10 Monate Schreibaby – ein schmerzvoller Rückblick

Kathrin Gastartikel 63 Kommentare

Es ist zwei Uhr in der Nacht, als die Tür des Krankenhauszimmers auffliegt – ohne vorherigen Anstands-Anklopfer. Die Schwester stürzt in den Raum, ihre Augen scannen uns, das leere Bettchen – erleichtert erblickt sie unsere drei Tage alte und wüst brüllende Tochter Emilia in meinem Arm. „Oooh, ein Glück. Ich dachte, Sie hätten sie fallen lassen!“ seufzt sie erleichtert und verlässt unser Familienzimmer. Ratlos schauen wir uns an: das Baby schreit überdurchschnittlich viel. Aber niemand geht weiter darauf ein…

Schreikind

Dass die Geburt ein geplanter Kaiserschnitt sein musste, liess sich leider nicht ändern; immerhin hatte ich den Tag nach dem errechneten Geburtstermin als Termin durchboxen können. Wir waren nun also Eltern eines kräftigen schönen Mädchens „mit starken Lungen“, wenn man der Hebamme Glauben schenken möchte. „Mit starkem Willen“, so der Kinderarzt. „Mit einer kräftigen Stimme“, hier waren sich zwangsweise alle einig.

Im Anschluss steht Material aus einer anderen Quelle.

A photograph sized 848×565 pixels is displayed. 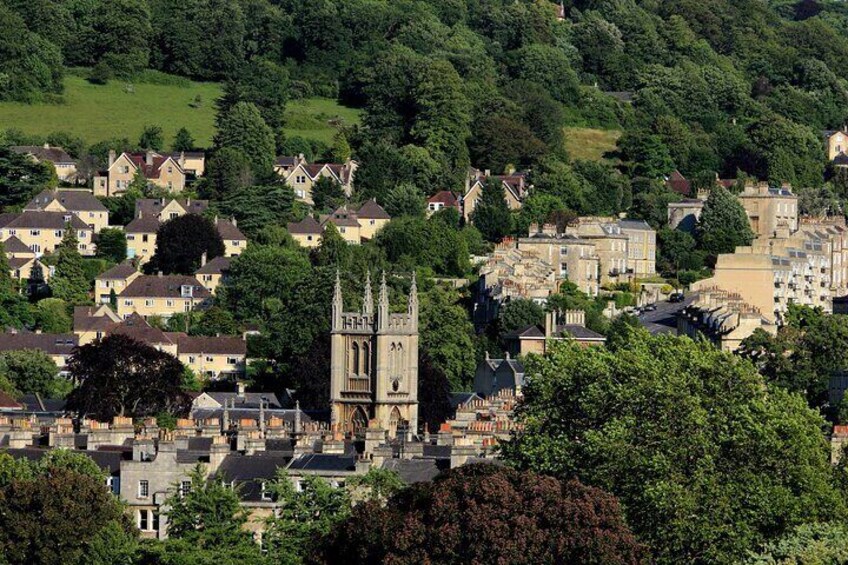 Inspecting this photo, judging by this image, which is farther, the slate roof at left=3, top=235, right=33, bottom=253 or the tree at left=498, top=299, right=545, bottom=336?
the slate roof at left=3, top=235, right=33, bottom=253

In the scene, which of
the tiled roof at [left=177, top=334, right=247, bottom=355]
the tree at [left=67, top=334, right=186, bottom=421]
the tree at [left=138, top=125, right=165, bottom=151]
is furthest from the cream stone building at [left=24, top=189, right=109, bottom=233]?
the tree at [left=67, top=334, right=186, bottom=421]

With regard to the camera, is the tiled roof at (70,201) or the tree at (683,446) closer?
the tree at (683,446)

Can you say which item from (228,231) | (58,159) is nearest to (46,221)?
(228,231)

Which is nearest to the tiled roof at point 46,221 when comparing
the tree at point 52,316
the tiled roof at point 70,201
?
the tiled roof at point 70,201

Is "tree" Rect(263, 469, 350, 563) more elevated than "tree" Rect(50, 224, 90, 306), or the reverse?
"tree" Rect(50, 224, 90, 306)

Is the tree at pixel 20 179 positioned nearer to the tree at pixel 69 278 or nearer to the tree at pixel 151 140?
the tree at pixel 151 140

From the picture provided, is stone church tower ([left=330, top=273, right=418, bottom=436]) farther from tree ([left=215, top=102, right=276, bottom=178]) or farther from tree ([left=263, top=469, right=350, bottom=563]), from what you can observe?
tree ([left=215, top=102, right=276, bottom=178]) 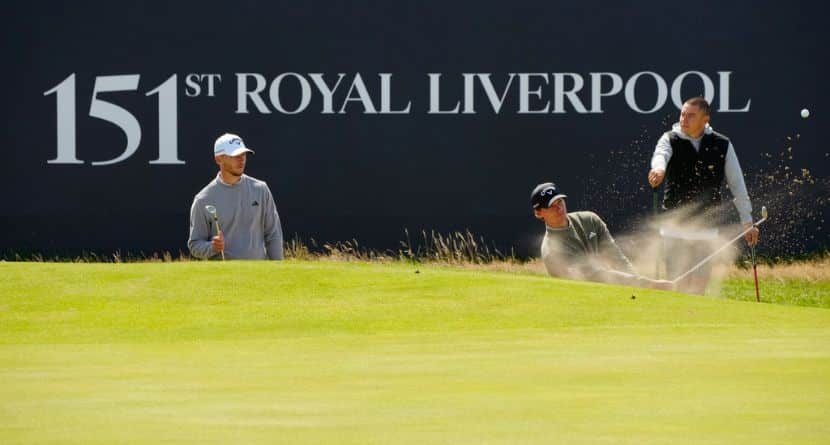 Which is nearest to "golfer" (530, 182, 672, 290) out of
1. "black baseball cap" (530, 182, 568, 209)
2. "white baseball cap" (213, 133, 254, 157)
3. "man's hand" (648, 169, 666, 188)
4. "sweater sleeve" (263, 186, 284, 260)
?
"black baseball cap" (530, 182, 568, 209)

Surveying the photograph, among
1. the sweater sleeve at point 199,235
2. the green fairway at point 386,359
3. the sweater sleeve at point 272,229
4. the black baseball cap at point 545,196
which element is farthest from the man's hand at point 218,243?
the black baseball cap at point 545,196

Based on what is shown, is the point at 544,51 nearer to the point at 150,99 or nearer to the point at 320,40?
the point at 320,40

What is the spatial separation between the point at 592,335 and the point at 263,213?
3315mm

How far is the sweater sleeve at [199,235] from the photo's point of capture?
9.14 meters

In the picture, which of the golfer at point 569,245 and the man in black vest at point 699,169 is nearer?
the golfer at point 569,245

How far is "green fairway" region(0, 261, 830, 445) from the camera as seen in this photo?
12.9 ft

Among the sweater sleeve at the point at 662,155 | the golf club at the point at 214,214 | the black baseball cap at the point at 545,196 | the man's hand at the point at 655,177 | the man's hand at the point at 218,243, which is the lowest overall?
the man's hand at the point at 218,243

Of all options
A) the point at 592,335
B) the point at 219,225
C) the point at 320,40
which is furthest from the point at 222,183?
the point at 320,40

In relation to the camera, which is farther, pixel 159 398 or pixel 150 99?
pixel 150 99

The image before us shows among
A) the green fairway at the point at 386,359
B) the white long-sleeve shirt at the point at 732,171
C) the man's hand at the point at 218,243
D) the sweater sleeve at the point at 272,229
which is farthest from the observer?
the white long-sleeve shirt at the point at 732,171

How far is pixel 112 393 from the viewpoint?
452 centimetres

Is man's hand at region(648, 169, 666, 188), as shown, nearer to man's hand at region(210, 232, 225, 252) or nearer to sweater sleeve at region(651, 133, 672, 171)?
sweater sleeve at region(651, 133, 672, 171)

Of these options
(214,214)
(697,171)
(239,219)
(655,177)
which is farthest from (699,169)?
(214,214)

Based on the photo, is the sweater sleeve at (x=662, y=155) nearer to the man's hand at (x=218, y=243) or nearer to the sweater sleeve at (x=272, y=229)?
the sweater sleeve at (x=272, y=229) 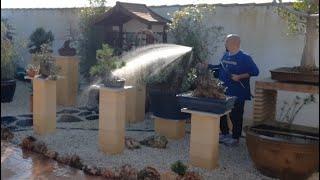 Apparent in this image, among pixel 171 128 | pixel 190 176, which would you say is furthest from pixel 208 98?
pixel 171 128

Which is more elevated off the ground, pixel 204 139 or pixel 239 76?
pixel 239 76

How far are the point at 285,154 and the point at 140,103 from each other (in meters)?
3.31

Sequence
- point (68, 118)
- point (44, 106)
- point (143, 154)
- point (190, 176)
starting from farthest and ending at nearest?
point (68, 118)
point (44, 106)
point (143, 154)
point (190, 176)

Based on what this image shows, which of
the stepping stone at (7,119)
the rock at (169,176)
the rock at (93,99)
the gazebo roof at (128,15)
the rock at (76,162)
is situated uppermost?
the gazebo roof at (128,15)

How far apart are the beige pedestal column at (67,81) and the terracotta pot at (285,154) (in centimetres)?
444

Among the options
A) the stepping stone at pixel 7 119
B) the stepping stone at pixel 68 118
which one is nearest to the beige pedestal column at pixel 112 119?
the stepping stone at pixel 68 118

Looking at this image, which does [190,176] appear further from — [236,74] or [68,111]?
[68,111]

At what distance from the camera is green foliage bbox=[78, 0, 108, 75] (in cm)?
890

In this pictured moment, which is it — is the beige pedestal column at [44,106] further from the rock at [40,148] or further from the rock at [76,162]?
the rock at [76,162]

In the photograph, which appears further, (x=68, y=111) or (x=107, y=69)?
(x=68, y=111)

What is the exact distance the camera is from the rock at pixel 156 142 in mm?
5695

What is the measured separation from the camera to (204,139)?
480 cm

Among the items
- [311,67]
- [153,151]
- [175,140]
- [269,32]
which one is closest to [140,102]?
[175,140]

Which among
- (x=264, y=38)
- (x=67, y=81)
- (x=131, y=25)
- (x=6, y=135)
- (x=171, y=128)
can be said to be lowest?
(x=6, y=135) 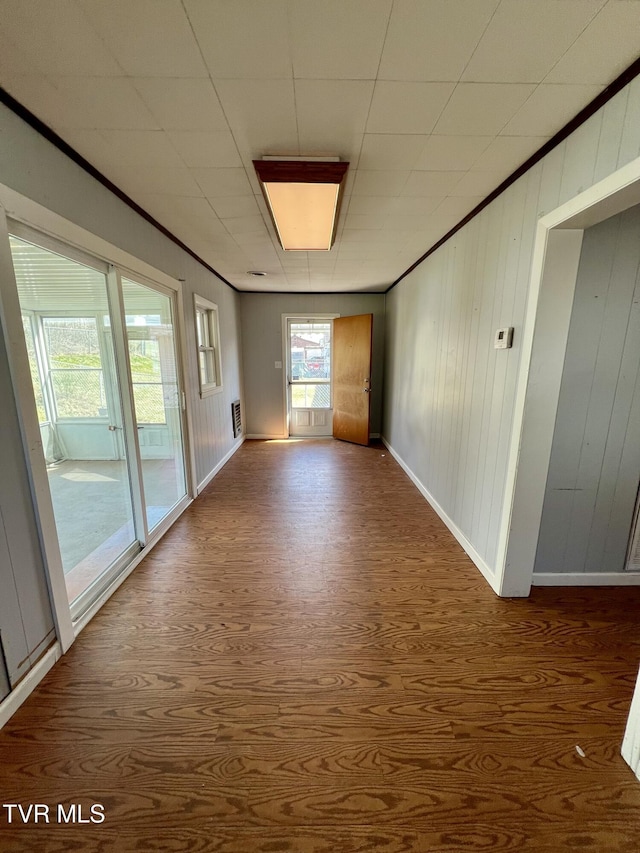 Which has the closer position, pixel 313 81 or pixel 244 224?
pixel 313 81

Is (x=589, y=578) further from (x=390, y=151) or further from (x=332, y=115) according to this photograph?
(x=332, y=115)

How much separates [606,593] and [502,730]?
1.28m

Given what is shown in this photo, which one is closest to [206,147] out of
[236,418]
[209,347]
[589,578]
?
[209,347]

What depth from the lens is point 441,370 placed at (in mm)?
2945

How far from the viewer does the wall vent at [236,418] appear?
190 inches

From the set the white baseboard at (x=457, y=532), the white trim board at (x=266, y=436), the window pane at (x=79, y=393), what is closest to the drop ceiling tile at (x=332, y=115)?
the window pane at (x=79, y=393)

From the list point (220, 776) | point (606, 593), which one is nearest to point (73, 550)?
point (220, 776)

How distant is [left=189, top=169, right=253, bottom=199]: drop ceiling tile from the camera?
5.96ft

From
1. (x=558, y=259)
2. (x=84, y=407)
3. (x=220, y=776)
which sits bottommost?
(x=220, y=776)

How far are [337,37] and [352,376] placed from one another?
406 centimetres

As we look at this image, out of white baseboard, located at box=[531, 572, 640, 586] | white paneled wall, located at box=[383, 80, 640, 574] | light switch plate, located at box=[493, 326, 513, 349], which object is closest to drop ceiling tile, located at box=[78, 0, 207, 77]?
white paneled wall, located at box=[383, 80, 640, 574]

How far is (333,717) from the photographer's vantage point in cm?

Schon in der Klinik hatte ich sie immer bei mir, an mir, auf mir; ich brachte es nicht über mich, dieses niedliche Wesen in dieses seltsame Babybett zu legen. Umso mehr erstaunte mich, dass sie oft unzufrieden war, trotz Stillen nach Bedarf, trotz ausgiebigsten Kuschelns. Die Mahlzeiten dauerten länger und länger, die Schlafphasen wurden kürzer, das Baby unruhiger. „Ganz normal“, wie meine Hebamme erklärte, „Sie sind ja so nervös. Und Ihre Nervosität überträgt sich halt aufs Kind.“ Ihr Rat lautete, das Baby anzudocken, ehe es überhaupt richtig wach würde – doch unser Baby riss die Augen auf und brüllte sich in der selben Sekunde die Seele aus dem Leib. Keine Anzeichen, kein Nuckeln am Fäustchen, kein Schmatzen – vielmehr ein hochroter Kopf, geballte Hände, ein angespannter Babykörper. Stillen schien sie zu beruhigen, zumindest so weit, dass sie mal nicht schrie – also stillte ich. Neun Stunden in 24h; später dann bis zu 14 Stunden, denn nur dann schien sie ansatzweise zufrieden und lächelte mich manchmal an. Manchmal.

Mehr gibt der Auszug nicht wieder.